The big day was actually Thursday, no sunnier or warmer. Nicole and I slept in, made a big breakfast, rented her a bike, and biked out to the small town where I teach English. We picnicked and explored the paths through the fields. The problem is, I have SUCH a good sense of direction that I forget to take into account natural barriers: I had us on a path through the fields back toward the forest path I knew, and it curved a bit but kept going in the right direction. Despite Nicole’s voiced doubts of my sanity, we kept on. Then the path went from gravel to dirt, then to grass, then entered the woods, then dead-ended at…a river. Bothersome things. BUT we were never lost!

We came home and cleaned up, then went to l’Artichaut, my favorite café in town. I go there with friends on Thursdays to listen to the jazz jam sessions. Nicole and I went for dinner, and I had invited nearly all my friends to stop by for a drink. It was a good crowd: friends from dance class, several other BCA students, Hayley, Manuel (nationalities present: US, French, Australian, Greek, Colombian, German)…and those who couldn’t come by sent messages. It was a wonderful evening, I liked the food, the music, the company, the conversation. No one bought me drinks, obliged me to have a “traditional” 21st birthday (although I hear my sisters are planning it for my return). In the late evening, a piece of chocolate-pear tart (nothing compared to Mom’s yellow cake and chocolate frosting, or Grandma’s puppy chow!) came to the table with a candle in it, and everyone sang happy birthday and the entire bar chimed in. I have seldom been so happy, so thankful.
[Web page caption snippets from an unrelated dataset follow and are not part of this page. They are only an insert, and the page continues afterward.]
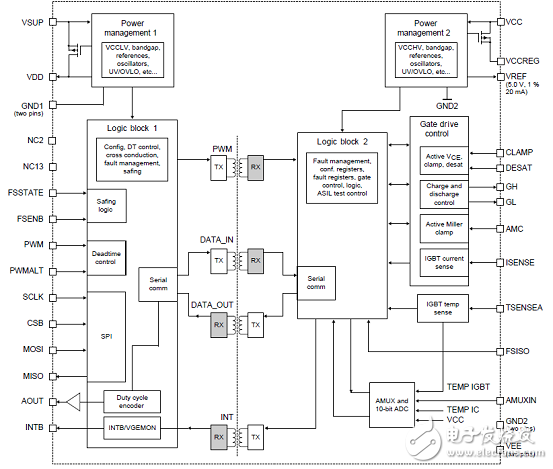 [原創(chuàng)] NXP MC33GD3100單路IGBT柵極驅動器解決方案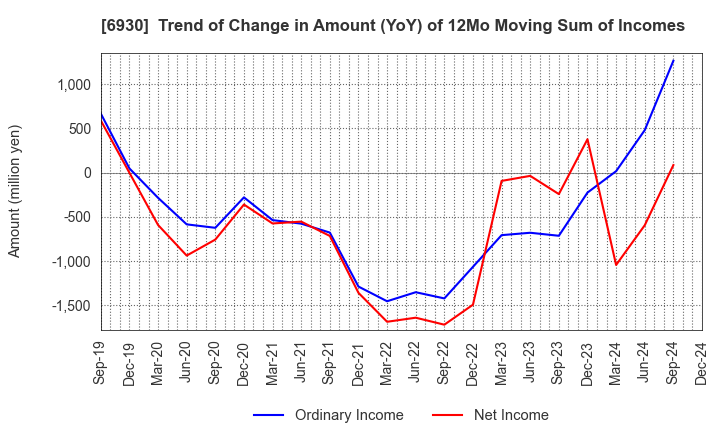 6930 NIPPON ANTENNA CO.,LTD.: Trend of Change in Amount (YoY) of 12Mo Moving Sum of Incomes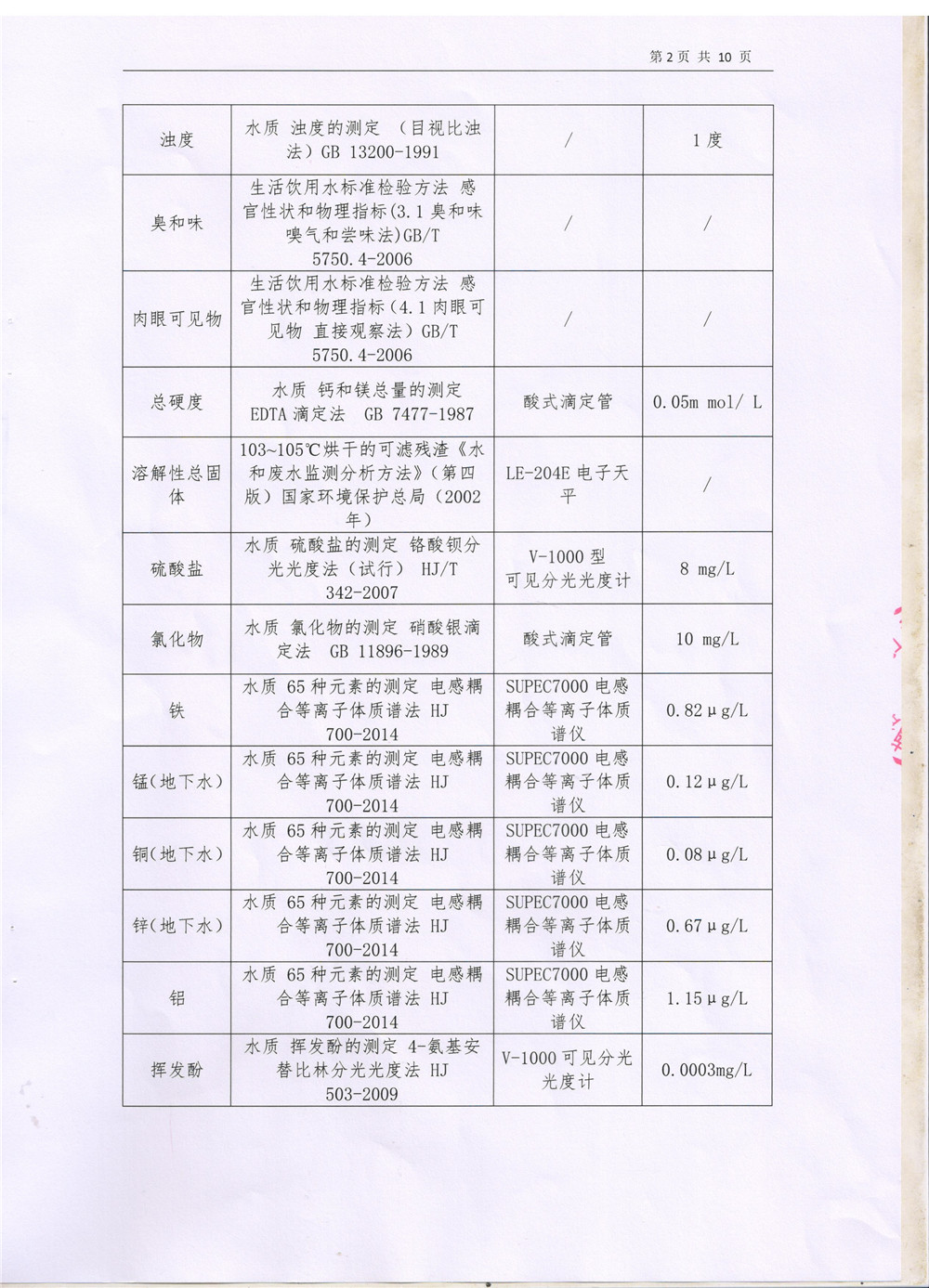 游艇会yth·(中国)最新官方网站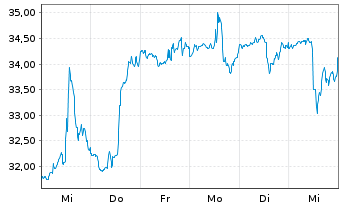 Chart Carlyle Group Inc., The - 1 semaine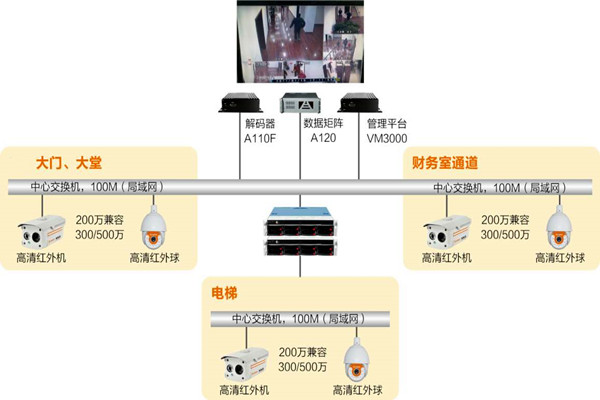 楼宇自动化系统如何实时监控？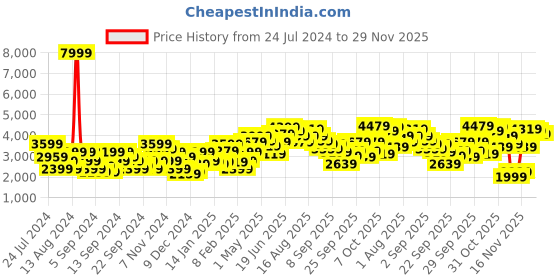 myntra.com Ducati Solid Long Sleeves Padded Jacket ducati Price History Graph from 24 Jul 2024 to 29 Nov 2025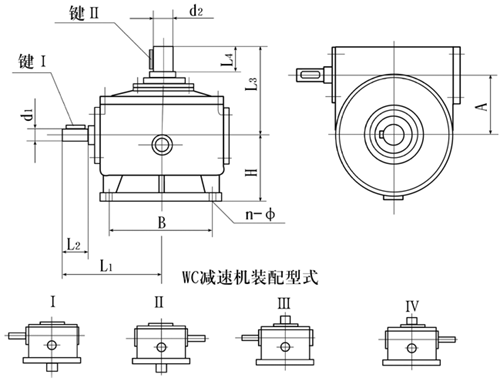 減速機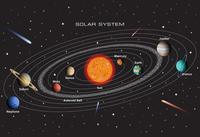 Solar System - Class 1 - Quizizz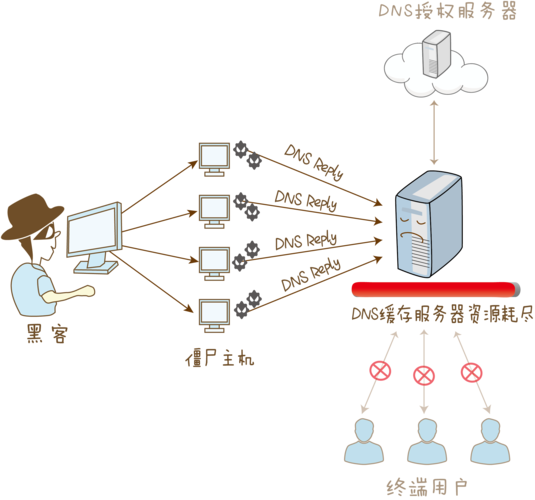 stormliv自主启动的方法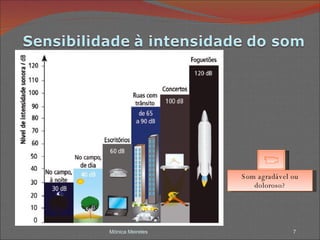 Mónica Meireles Som agradável ou doloroso?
In the wee hours of the morning, we called it a night and left satisfied. And none of this takes into account all of YOUR efforts: a birthday song by phone from my parents, cards from friends (and their pets), and emails in every form. Thank you, thank YOU, THANK YOU!

But, as I said before, the celebrations continue: on Friday Nicole and I took a day trip to Saverne, an old town at the foot of the Vosges mountains. We hiked up to the chateau of Haut Barr, a gothic castle/fort topping the mountain and offering a view of the plains stretching out toward Strasbourg. We picnicked again, and returned to town to meet the parents of Charlotte, the French student who will be studying at Manchester next year. They invited Leslie, Cassie, Nicole and I for an aperitif at their house, then a typically Alsatian tarte flambée dinner in a restored barn-restaurant somewhere in the countryside. It was by far the best tarte flambée I’ve ever had.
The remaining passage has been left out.